DPSG und ZdK wollen nun, dass die Verfahrensordnung geändert werden soll. Hat das aus Ihrer Sicht Aussicht auf Erfolg? 

Grundsätzlich ist es sinnvoll, dass Qualifikationen geprüft werden. Es sollte aber auf keinen Fall möglich sein, dass Bischöfe nach persönlichen Präferenzen die Kandidat*innen auswählen. Es gibt die Idee, die künftigen Entscheidungen für die Jugendverbände in die Hände der Jugendkommission zu verlegen. Das ist nach meinem Kenntnisstand die Idee von unserem Kontaktbischof Michael Gerber und dem Jugendbischof Johannes Wübbe. Die Frage ist natürlich, ob es auch ganz ohne die Bischöfe ginge. Aktuell haben wir mit Bischof Gerber einen wirklich guten Kontaktbischof, der immer mit uns im Gespräch bleibt. Aber das kann sich natürlich auch mit einer Änderung der Zuständigkeiten bei den Bischöfen wieder komplett ändern.
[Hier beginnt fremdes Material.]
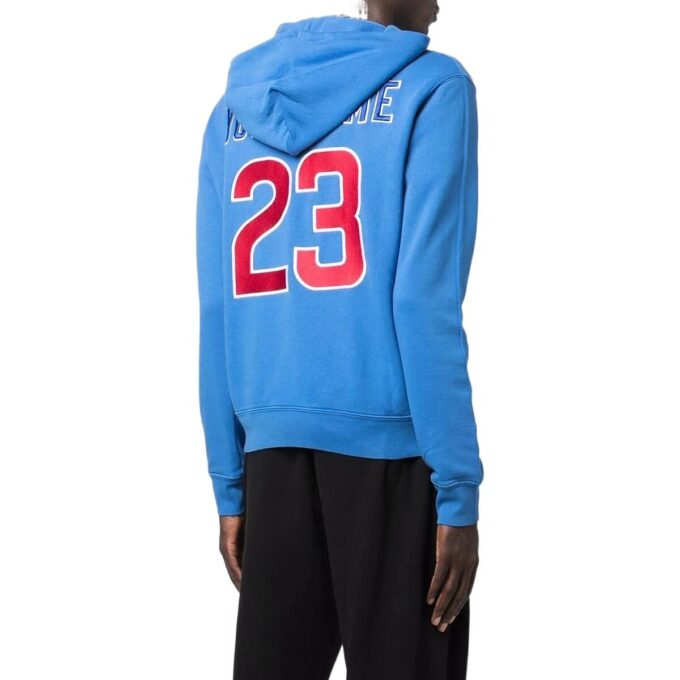 Sudadera con capucha de algodón de los Chicago Cubs de la MLB «Azul»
Das ZdK hat sich auf seiner Vollversammlung mit Ihrem Fall beschäftigt. Einige sagten, mit dem Nein in der geheimen Abstimmung hätten die Bischöfe Sie auch persönlich beschädigt. Wie sehen Sie das?

Ehrlich gesagt weiß ich gar nicht, ob es mich so sehr beschädigt hat. Klar, wenn man in die Suchmaschine meinen Namen eingibt, bin ich kein unbeschriebenes Blatt mehr. Wie das künftige nicht-kirchliche Arbeitgeber*innen bewerten, kann ich nicht einschätzen.

Das Veto hat mir hunderte neuer Follower auf Instagram geschenkt, worüber ich mich sehr freue, aber ich hätte viel lieber den Job bei der DPSG bekommen als die Reichweite. Innerkirchlich gibt diese Bekanntheit meiner Stimme nun mehr Gewicht. Und das wollten doch die Bischöfe, die mich abgelehnt haben, bestimmt nicht. Also: Diese Frage ist schwer zu beantworten.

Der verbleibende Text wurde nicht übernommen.